[DIRECTIONS FOR THIS TASK] Your answer must be an exact transcription of every record below, with the pictures omitted.

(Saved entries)
Start of Block

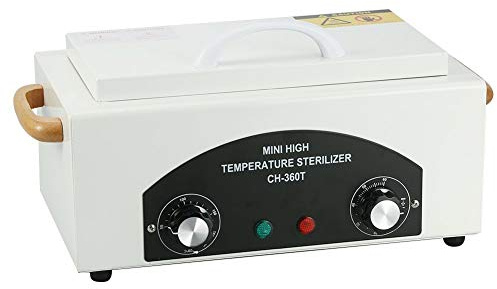 Crisnails® Esterilizador de Alta Temperatura con Tanque de Acero Inoxidable Extraíble para Herramientas de Uña Dental Pinzas Tijeras Peluquerías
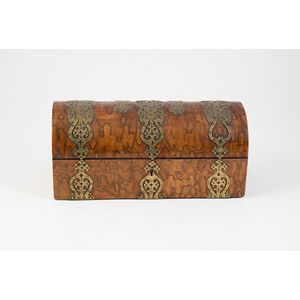 Victorian brass bound fruitwood work box, domed cover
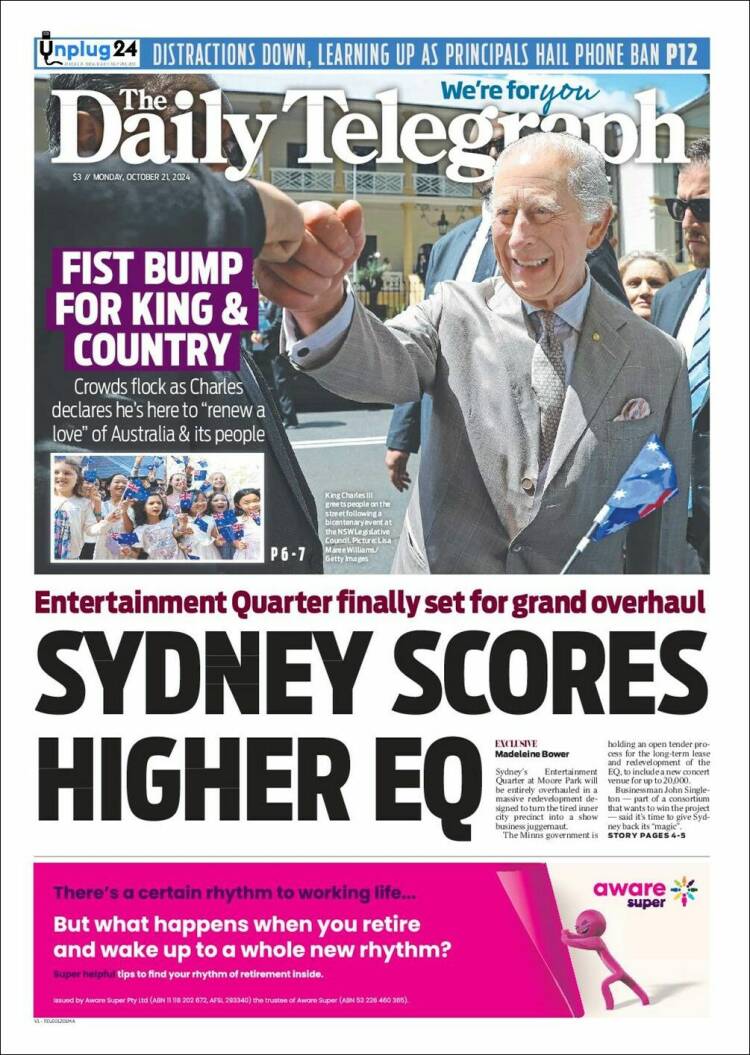 Portada de The Daily Telegraph (Australia)
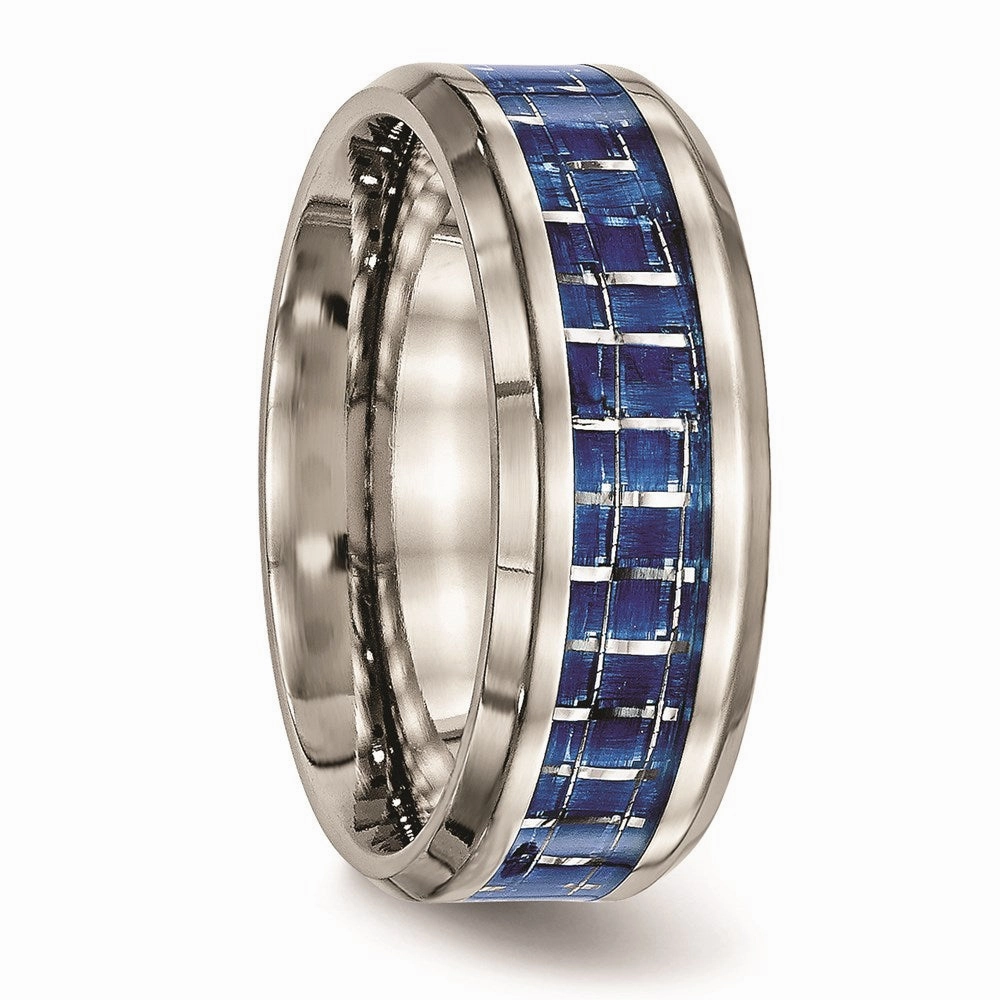Titanium Polished Blue/White Carbon Fiber Inlay Ring | TB465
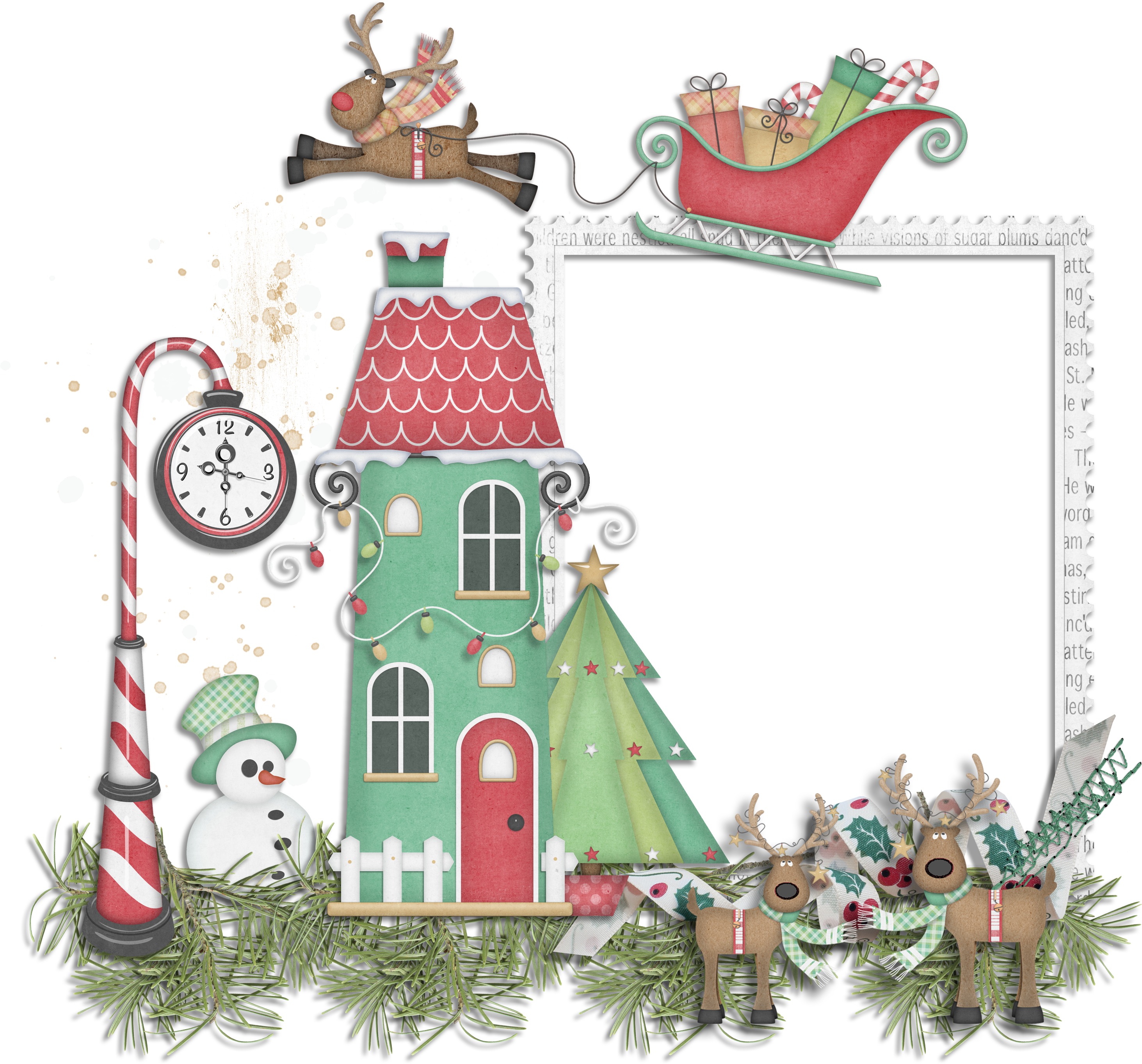 Frame Png - Christmas Tree (2926x2726)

End of Block

[ANSWER TO THE EXERCISE]
 Crisnails® Esterilizador de Alta Temperatura con Tanque de Acero Inoxidable Extraíble para Herramientas de Uña Dental Pinzas Tijeras Peluquerías
 Victorian brass bound fruitwood work box, domed cover
 Portada de The Daily Telegraph (Australia)
Titanium Polished Blue/White Carbon Fiber Inlay Ring | TB465
 Frame Png - Christmas Tree (2926x2726)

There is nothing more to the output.